### STUDY MATERIAL
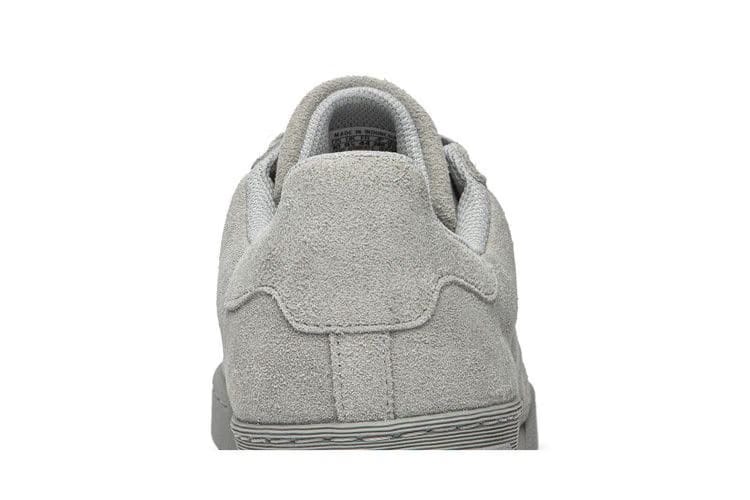 Adidas Yeezy PowerPhase Quiet Grey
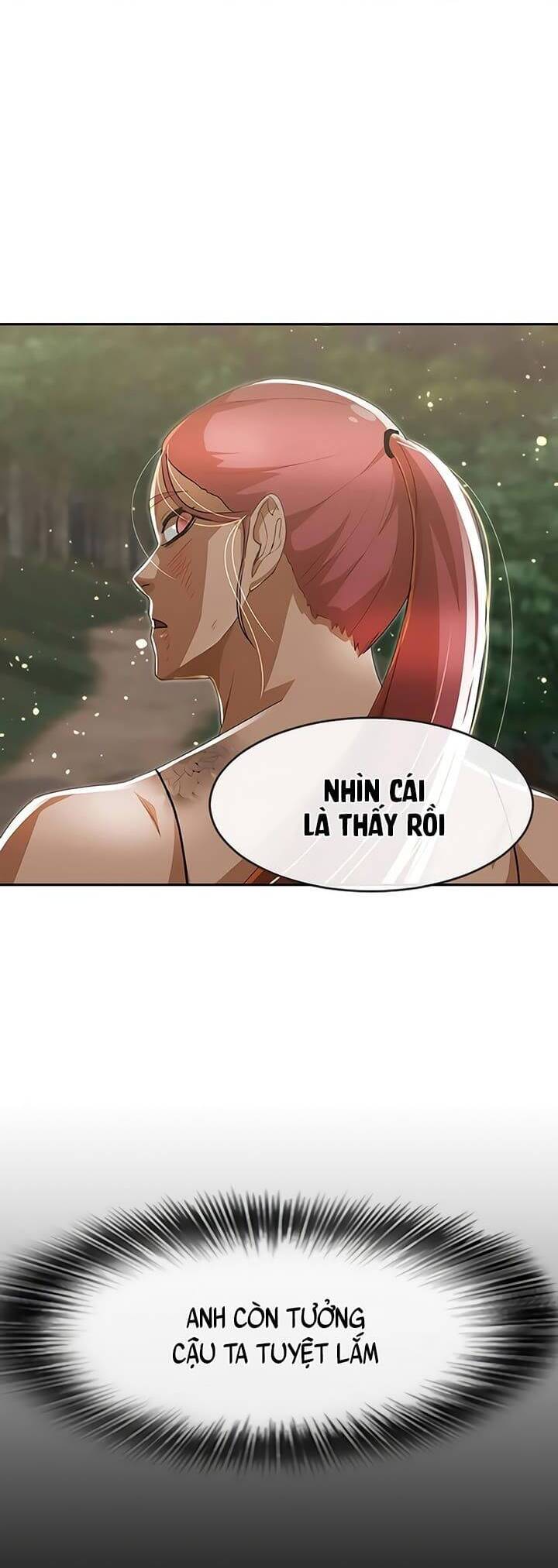 Cô Gái Từ Ứng Dụng Nhắn Tin Ngẫu Nhiên Chapter 230 - Trang 2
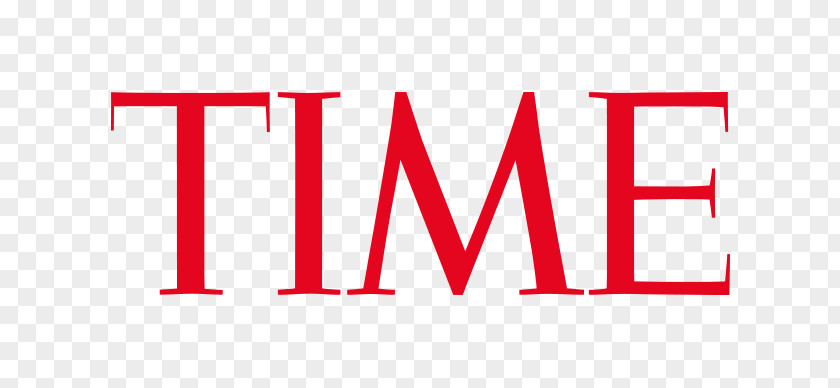 Time Logo Time's Person Of The Year Silence Breakers Magazine PNG
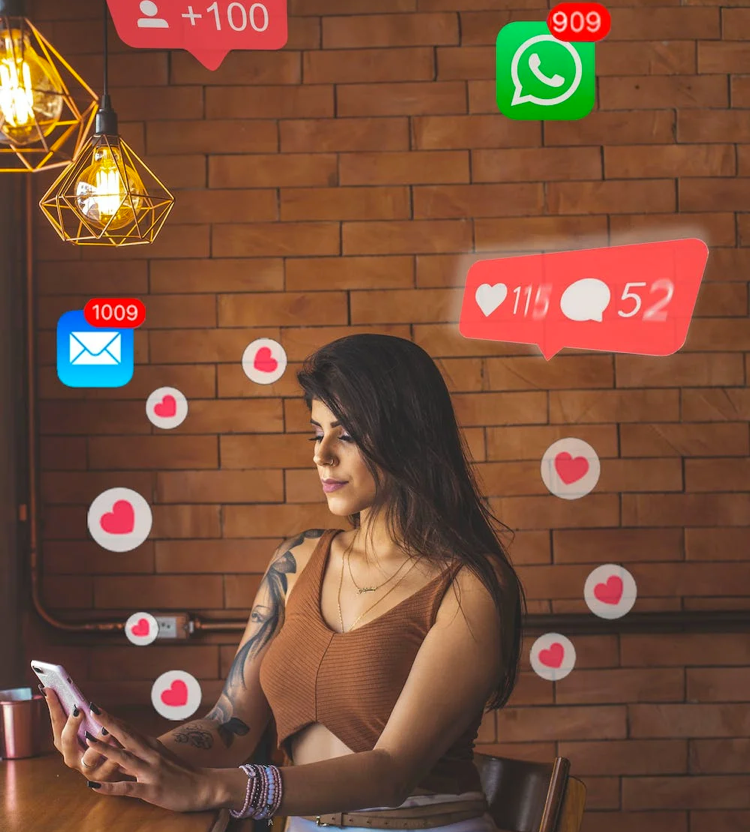 如何利用策略框架落地营销项目?-传播蛙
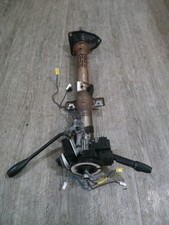 Dodge ram steering for sale  Osseo
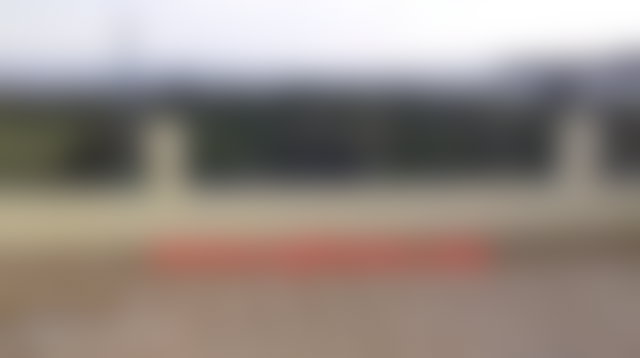 Maison 6 chambres avec vue lagune, Moulay Bousselham — 2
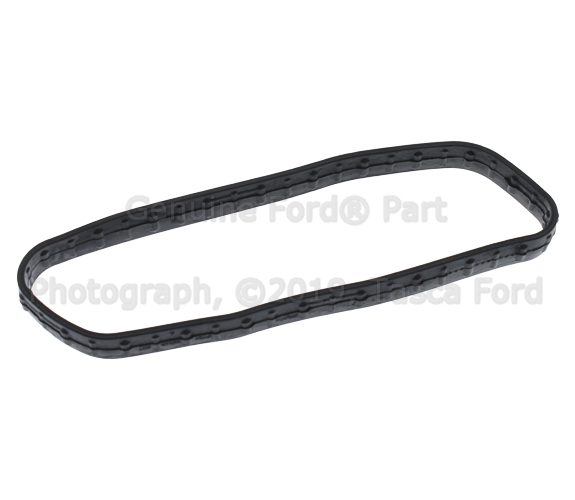 FT4Z6584D - Engine: Valve Cover Gasket for Ford: Edge, F-150, Fusion | Lincoln: Continental, MKX, MKZ, Nautilus Image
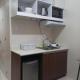 Grand Riviera Suites Studio by MrSayla, Manila - Foto 5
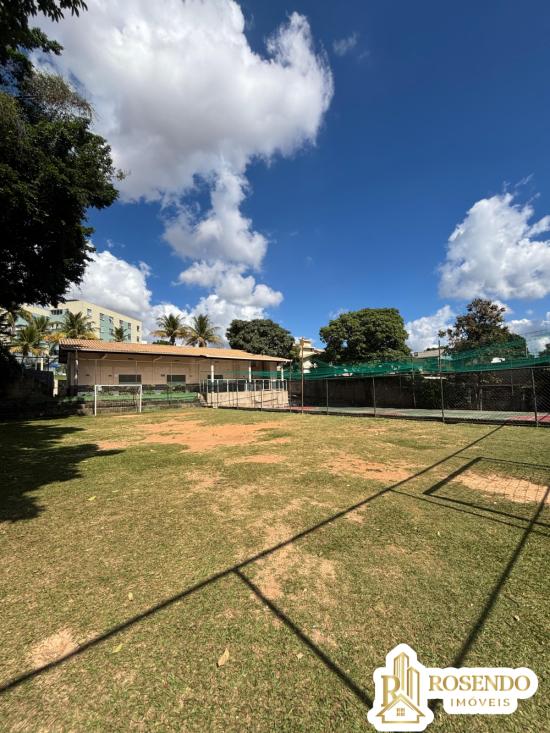 apartamento-venda-chacara-betim-1090823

### EXERCISE REQUIREMENTS
Every record above, copied exactly and without a single picture, makes up the answer.

### RESPONSE AREA
 Adidas Yeezy PowerPhase Quiet Grey
 Cô Gái Từ Ứng Dụng Nhắn Tin Ngẫu Nhiên Chapter 230 - Trang 2
 Time Logo Time's Person Of The Year Silence Breakers Magazine PNG
 如何利用策略框架落地营销项目?-传播蛙
 Dodge ram steering for sale  Osseo
 Maison 6 chambres avec vue lagune, Moulay Bousselham — 2
 FT4Z6584D - Engine: Valve Cover Gasket for Ford: Edge, F-150, Fusion | Lincoln: Continental, MKX, MKZ, Nautilus Image
 Grand Riviera Suites Studio by MrSayla, Manila - Foto 5
 apartamento-venda-chacara-betim-1090823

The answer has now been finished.